Oluewu was the Alaafin (emperor) of the Oyo empire in northwestern Yorubaland, West Africa, from 1833-1835. He attempted to re-establish Oyo's predominance in the region, but his decisive defeat and death at the Battle of Ilorin in 1835 instead marked the end of Oyo's imperial period.

==Reign==
Tall and handsome, Oluewu was the son of the earlier Alaafin Awole. Upon his accession to the throne in 1833 Oluewu was determined to restore the glory of the Oyo Empire, much diminished since the rebellions and wars of the 1810s and 1820s. In particular, his target was the city of Ilorin, where a Fula-led Islamic emirate had taken root and grown to become the most powerful state in the region.

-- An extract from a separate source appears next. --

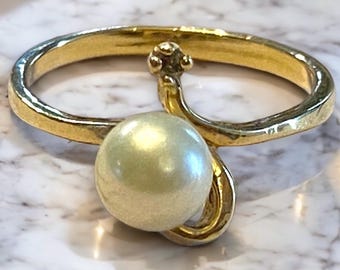 Vintage GORGEOUS 14k Yellow Gold 6mm Pearl and Diamond Ring Size 5.25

The Emir of Ilorin 'invited' Oluewu to come and pay homage to him, but stole the royal drum when he tried to leave. A second invitation was refused; instead, Oluewu began to raise troops and turn Yoruba towns away from their new master and back to their traditional loyalty to Oyo. He also built an alliance with Borgu.

The campaign started well. The Borgawa archers dislodged the Ilorin army besieging the small town of Gbodo, and many of the Ilorin cavalry drowned in flooded streams while fleeing the battlefield. When the Alaafin's army attacked Ilorin city, they nearly routed the defenders. But in the second day of fighting, one wing of the allied force collapsed, and Oluewu was surrounded. His eldest son galloped up to his father, saluted him goodbye, and plunged into the thick of the battle. Both father and son died on the battlefield, marking the final collapse of the Oyo Empire.